Data shown Start Marker
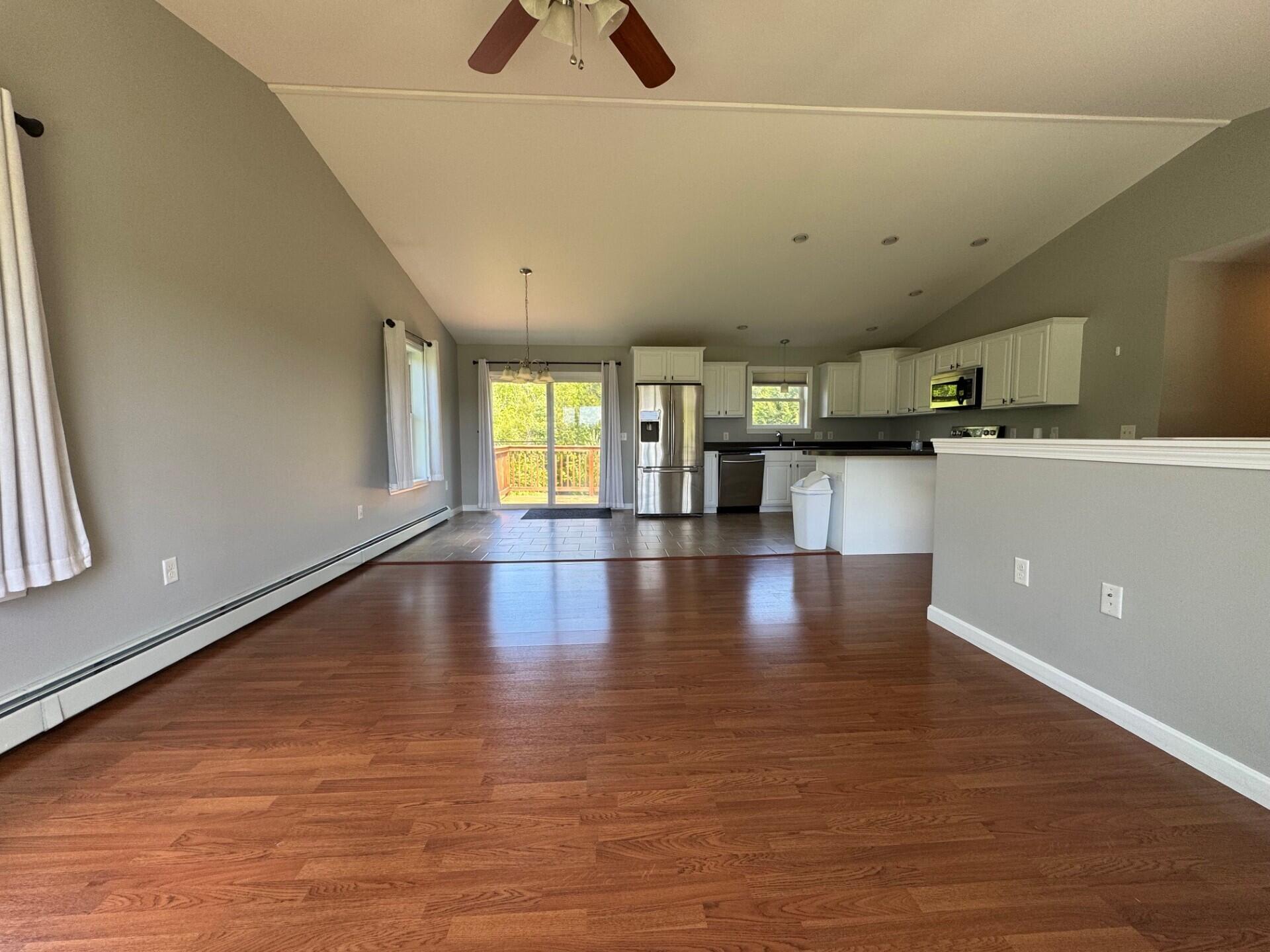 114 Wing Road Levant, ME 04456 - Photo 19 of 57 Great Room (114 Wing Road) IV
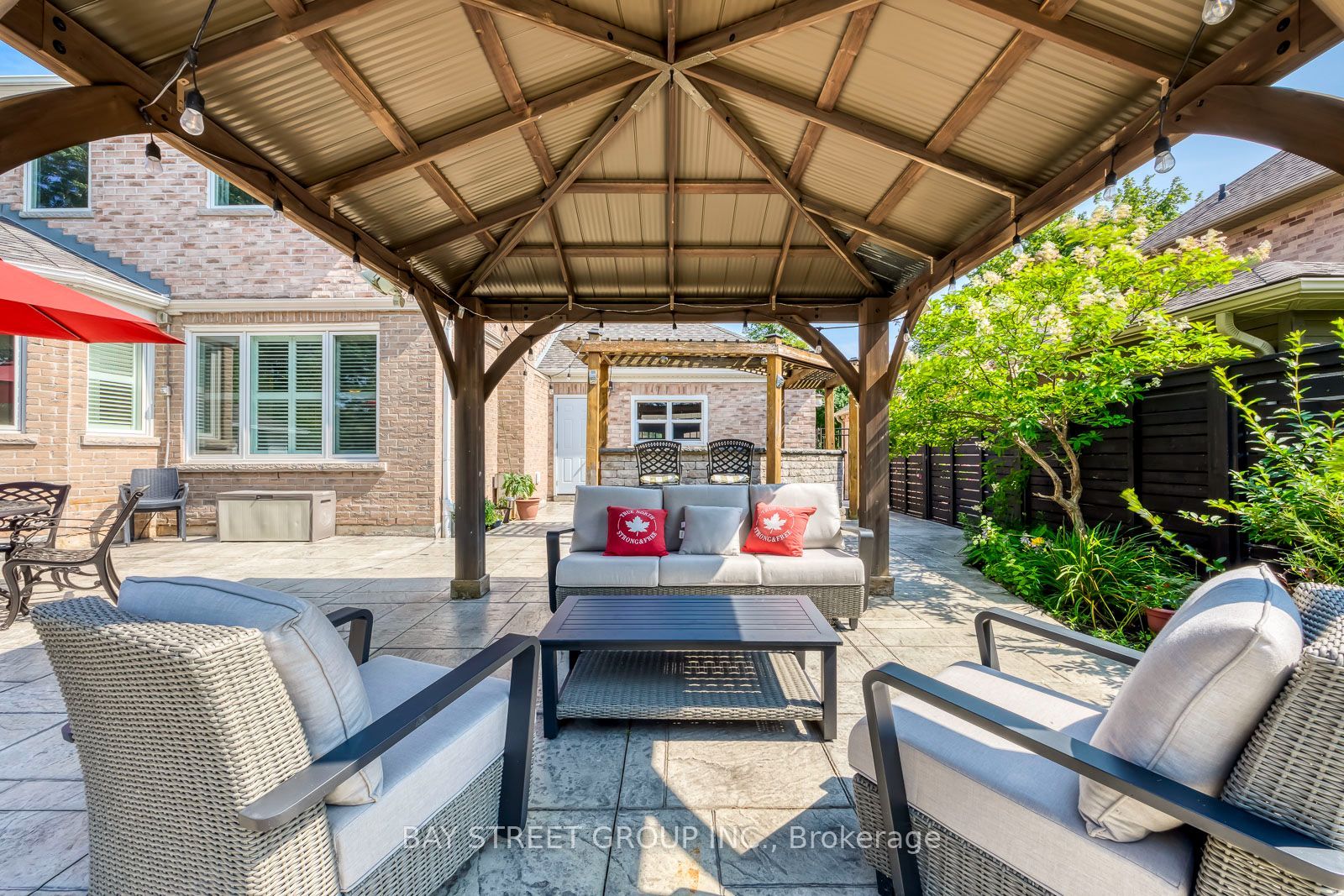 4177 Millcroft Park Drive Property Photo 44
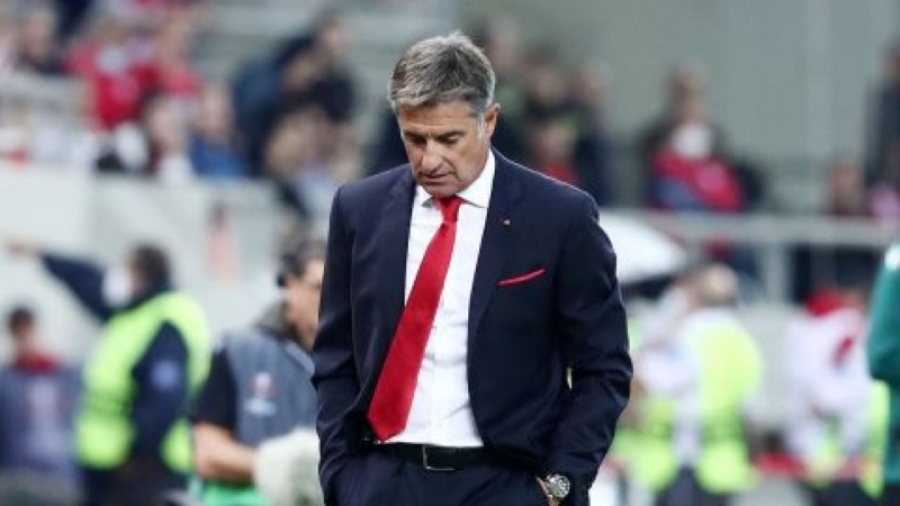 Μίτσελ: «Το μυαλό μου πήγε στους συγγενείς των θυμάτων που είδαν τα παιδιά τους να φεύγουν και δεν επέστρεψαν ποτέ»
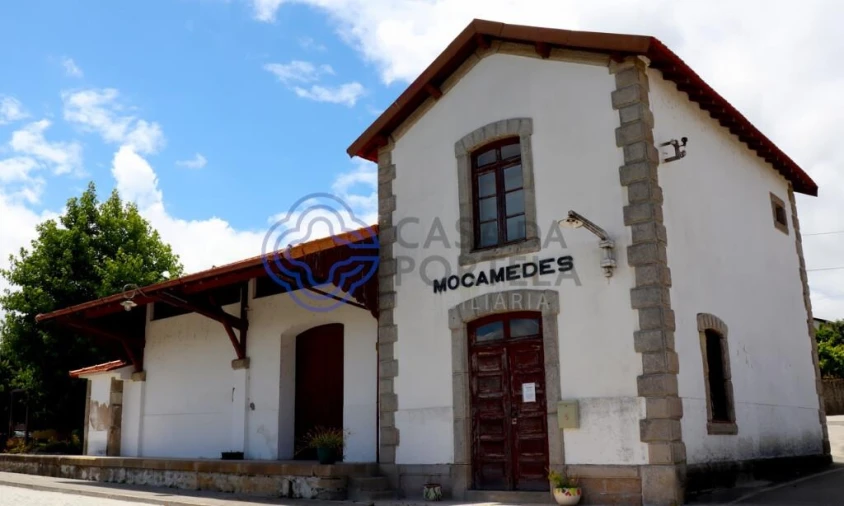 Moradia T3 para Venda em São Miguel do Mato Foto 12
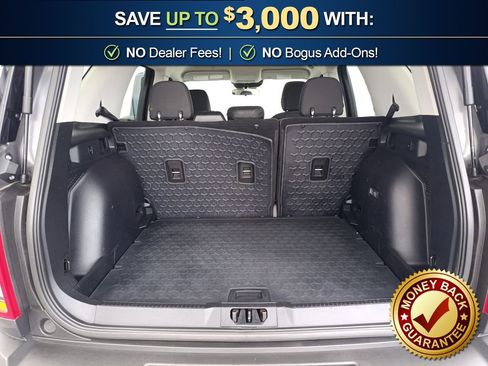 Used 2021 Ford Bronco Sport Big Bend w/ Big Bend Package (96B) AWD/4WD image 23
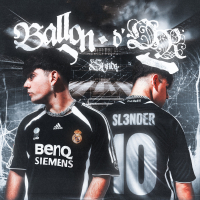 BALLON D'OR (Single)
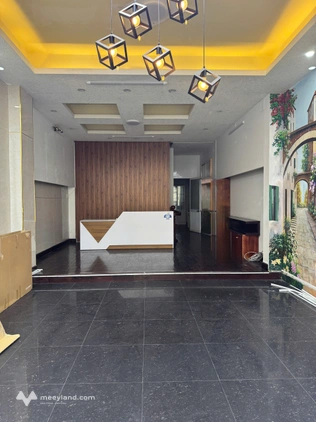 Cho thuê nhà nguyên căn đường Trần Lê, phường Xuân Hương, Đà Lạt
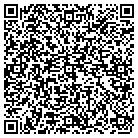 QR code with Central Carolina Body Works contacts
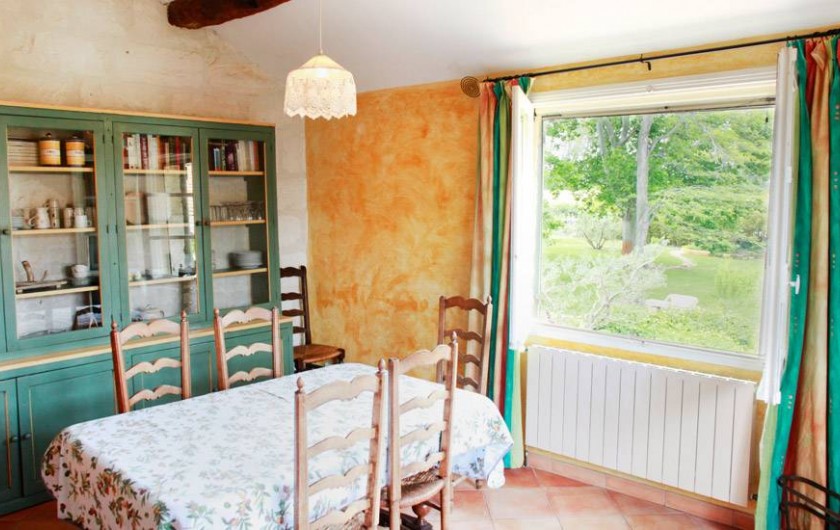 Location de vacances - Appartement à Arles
Data shown End Marker
The records above must be copied exactly, with no pictures carried over.

→ Written reply:
 114 Wing Road Levant, ME 04456 - Photo 19 of 57 Great Room (114 Wing Road) IV
 4177 Millcroft Park Drive Property Photo 44
 Μίτσελ: «Το μυαλό μου πήγε στους συγγενείς των θυμάτων που είδαν τα παιδιά τους να φεύγουν και δεν επέστρεψαν ποτέ»
 Moradia T3 para Venda em São Miguel do Mato Foto 12
 Used 2021 Ford Bronco Sport Big Bend w/ Big Bend Package (96B) AWD/4WD image 23
 BALLON D'OR (Single)
 Cho thuê nhà nguyên căn đường Trần Lê, phường Xuân Hương, Đà Lạt
 QR code with Central Carolina Body Works contacts
 Location de vacances - Appartement à Arles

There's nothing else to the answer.